■ Work task ■
Which lines of the data hold the word "куртка"? Copy all of them.
----- Data under study -----
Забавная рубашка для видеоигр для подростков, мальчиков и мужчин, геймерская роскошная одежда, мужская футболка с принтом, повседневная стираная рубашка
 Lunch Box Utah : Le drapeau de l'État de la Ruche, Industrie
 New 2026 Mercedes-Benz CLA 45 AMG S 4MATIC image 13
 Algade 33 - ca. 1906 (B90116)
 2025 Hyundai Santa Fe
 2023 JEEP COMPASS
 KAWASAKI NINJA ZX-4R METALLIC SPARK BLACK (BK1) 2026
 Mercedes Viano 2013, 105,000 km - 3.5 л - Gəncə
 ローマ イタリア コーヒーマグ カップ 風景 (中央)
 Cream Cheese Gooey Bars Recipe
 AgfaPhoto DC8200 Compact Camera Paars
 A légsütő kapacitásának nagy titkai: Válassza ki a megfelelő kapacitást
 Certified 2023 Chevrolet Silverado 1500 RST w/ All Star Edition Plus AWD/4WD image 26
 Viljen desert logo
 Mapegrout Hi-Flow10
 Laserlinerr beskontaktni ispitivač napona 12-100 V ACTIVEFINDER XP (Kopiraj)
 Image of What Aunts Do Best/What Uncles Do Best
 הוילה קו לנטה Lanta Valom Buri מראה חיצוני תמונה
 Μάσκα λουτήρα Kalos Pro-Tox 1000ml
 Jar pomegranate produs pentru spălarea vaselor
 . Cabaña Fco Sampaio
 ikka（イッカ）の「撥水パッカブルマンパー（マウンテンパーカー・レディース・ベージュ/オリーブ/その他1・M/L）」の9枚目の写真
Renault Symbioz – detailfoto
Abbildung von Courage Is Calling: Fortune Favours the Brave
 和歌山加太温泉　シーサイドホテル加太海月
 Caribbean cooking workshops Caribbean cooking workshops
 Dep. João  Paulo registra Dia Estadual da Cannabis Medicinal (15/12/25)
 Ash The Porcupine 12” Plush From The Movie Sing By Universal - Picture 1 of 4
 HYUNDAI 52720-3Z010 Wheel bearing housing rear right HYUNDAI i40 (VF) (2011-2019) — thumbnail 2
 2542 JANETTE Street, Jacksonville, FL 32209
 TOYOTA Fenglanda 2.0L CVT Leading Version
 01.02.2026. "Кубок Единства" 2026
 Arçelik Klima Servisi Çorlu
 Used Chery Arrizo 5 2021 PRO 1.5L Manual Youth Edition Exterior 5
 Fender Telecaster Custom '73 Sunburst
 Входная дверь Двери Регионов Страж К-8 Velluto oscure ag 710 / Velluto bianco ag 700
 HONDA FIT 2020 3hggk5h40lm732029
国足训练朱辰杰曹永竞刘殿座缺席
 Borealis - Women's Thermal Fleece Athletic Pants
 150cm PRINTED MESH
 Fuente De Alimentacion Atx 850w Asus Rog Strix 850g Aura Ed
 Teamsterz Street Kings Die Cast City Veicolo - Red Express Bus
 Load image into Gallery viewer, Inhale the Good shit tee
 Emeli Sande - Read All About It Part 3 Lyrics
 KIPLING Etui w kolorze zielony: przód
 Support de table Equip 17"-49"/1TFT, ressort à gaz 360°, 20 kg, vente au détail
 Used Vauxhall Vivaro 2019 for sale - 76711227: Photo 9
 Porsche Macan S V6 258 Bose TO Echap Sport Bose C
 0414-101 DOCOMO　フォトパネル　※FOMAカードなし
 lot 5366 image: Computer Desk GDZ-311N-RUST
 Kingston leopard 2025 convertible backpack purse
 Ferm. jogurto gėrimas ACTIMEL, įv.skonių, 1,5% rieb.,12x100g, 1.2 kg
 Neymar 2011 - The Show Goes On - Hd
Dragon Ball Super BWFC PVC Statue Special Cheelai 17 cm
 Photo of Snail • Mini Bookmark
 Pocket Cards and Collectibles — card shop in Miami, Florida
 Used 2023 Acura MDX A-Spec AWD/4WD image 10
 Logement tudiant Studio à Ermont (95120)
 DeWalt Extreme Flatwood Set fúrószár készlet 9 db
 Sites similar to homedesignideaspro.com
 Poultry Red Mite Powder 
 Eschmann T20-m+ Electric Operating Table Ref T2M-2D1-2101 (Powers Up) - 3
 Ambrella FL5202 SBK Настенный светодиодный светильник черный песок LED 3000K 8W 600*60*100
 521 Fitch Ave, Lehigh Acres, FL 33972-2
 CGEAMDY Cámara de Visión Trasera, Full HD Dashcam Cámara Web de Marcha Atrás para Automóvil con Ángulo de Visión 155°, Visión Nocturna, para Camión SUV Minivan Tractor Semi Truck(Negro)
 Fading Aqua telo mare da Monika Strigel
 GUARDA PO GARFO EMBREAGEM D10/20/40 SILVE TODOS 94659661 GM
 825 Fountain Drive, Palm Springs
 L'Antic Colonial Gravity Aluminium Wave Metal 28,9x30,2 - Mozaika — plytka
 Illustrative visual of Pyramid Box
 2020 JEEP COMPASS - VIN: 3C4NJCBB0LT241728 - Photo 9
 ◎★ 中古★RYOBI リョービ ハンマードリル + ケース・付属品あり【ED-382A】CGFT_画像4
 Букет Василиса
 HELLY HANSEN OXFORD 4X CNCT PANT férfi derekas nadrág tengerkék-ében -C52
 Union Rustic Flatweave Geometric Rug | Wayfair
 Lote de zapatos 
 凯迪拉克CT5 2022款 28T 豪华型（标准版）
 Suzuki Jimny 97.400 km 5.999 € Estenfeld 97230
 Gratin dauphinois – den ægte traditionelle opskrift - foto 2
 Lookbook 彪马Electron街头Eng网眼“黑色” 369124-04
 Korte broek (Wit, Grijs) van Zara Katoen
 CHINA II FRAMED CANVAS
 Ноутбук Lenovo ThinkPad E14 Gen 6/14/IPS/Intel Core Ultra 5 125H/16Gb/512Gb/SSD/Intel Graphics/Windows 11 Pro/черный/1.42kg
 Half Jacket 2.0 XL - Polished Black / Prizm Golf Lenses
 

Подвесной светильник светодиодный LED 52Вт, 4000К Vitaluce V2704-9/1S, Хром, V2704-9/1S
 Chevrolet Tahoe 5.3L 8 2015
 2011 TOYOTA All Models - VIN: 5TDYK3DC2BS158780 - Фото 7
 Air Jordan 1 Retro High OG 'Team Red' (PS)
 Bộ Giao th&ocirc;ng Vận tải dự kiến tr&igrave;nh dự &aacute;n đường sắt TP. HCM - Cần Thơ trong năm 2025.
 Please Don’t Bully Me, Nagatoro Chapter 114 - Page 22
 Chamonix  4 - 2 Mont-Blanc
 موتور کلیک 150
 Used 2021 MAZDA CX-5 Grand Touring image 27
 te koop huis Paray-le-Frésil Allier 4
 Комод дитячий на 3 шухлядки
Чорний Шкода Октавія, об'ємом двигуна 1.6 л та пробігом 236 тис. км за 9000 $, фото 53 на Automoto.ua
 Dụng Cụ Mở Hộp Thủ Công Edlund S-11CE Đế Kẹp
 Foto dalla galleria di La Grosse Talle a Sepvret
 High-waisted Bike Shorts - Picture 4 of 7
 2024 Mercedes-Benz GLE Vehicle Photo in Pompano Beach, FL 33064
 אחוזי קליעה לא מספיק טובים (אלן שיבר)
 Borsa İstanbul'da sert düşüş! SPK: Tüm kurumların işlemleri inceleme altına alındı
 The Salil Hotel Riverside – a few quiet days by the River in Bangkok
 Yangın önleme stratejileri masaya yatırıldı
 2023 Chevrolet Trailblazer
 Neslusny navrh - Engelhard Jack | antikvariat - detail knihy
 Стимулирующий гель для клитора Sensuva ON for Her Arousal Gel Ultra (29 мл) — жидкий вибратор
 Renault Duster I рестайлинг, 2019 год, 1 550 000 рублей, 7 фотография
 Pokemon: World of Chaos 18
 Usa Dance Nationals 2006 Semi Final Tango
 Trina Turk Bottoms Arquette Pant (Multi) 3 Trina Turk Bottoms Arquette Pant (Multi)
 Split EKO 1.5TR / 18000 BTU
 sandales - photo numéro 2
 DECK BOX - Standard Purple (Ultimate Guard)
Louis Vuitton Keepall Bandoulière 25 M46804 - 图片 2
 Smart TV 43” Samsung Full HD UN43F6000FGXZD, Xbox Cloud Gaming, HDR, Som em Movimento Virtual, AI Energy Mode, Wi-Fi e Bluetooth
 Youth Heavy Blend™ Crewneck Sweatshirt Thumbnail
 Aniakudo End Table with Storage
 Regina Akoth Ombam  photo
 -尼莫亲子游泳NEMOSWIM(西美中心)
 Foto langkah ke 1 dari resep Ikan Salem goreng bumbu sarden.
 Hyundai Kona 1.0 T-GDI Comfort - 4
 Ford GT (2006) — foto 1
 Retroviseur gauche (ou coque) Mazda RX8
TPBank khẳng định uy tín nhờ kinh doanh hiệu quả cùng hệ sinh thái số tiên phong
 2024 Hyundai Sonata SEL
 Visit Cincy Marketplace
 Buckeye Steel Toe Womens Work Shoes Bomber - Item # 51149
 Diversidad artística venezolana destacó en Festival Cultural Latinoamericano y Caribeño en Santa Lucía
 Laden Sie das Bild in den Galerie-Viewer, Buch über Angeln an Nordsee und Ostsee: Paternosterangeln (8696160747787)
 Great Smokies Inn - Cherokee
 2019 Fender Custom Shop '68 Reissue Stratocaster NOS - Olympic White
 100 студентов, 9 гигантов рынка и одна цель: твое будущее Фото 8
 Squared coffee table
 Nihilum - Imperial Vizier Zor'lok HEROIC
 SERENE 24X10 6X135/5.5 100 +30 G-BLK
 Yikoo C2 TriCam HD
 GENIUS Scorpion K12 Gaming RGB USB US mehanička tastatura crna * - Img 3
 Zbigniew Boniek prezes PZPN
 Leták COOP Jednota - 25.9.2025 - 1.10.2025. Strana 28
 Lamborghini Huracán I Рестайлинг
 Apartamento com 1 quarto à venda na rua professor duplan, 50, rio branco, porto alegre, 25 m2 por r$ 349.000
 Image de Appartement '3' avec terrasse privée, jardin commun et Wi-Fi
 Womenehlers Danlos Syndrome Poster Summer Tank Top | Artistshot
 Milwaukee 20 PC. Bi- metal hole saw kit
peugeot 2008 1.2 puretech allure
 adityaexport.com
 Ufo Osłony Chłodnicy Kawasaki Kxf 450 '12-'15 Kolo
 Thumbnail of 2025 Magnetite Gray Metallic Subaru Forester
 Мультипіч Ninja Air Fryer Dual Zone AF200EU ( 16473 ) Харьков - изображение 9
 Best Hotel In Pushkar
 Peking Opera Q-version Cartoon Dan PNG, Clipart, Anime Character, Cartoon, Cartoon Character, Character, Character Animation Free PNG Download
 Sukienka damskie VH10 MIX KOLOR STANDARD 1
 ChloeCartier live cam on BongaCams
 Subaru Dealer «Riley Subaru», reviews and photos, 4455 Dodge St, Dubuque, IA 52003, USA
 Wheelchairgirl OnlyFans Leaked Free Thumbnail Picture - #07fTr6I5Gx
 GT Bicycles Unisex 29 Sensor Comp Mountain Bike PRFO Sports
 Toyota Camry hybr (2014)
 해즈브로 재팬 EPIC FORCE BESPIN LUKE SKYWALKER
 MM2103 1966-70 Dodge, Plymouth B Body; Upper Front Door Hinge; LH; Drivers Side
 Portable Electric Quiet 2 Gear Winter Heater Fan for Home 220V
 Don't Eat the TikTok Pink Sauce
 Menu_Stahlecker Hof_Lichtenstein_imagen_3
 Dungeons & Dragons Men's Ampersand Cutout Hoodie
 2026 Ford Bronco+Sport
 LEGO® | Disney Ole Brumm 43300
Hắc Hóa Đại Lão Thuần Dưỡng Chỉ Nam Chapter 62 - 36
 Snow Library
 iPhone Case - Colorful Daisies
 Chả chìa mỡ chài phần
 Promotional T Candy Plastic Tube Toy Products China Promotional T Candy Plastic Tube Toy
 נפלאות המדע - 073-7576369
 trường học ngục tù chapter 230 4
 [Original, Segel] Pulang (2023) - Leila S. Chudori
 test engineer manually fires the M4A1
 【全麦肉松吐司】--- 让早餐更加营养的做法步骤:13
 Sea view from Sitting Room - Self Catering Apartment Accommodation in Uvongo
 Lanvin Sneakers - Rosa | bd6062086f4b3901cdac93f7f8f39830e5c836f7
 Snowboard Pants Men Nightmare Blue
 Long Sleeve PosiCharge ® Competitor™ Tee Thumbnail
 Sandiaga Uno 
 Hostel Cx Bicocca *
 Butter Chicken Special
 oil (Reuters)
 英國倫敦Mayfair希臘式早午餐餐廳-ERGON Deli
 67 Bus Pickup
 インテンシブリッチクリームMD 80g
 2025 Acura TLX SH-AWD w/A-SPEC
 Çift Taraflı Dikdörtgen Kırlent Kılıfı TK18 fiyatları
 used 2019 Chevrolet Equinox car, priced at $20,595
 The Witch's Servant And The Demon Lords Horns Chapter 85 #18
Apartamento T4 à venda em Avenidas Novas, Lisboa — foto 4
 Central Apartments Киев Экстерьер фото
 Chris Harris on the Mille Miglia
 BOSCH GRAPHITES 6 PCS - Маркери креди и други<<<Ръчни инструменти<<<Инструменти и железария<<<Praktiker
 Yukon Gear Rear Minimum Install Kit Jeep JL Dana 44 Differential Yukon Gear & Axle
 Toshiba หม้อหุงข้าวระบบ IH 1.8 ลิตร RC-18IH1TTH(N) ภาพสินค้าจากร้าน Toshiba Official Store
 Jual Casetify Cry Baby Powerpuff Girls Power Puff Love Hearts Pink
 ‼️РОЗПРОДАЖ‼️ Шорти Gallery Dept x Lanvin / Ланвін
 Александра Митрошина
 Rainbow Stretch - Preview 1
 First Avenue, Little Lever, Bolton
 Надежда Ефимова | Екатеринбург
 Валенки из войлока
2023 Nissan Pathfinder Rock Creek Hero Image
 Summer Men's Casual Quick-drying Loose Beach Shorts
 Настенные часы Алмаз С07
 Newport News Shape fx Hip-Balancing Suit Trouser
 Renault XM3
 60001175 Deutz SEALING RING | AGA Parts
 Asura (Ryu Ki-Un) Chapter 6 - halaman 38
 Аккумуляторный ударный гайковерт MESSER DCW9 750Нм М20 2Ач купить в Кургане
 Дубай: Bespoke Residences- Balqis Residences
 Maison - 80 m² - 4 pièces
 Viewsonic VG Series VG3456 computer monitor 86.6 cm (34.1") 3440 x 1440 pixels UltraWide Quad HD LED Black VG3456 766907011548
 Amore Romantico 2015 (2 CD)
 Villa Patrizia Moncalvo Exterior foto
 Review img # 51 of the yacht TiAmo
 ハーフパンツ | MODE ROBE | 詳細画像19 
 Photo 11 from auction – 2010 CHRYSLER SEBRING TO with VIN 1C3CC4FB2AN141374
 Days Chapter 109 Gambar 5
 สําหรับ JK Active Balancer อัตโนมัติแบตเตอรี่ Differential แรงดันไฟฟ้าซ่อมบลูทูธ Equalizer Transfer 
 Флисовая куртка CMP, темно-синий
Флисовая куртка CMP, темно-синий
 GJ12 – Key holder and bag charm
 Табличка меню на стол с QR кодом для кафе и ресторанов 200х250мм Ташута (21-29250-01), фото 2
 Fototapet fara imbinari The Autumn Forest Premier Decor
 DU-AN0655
-----
■ Task result ■
 Флисовая куртка CMP, темно-синий
Флисовая куртка CMP, темно-синий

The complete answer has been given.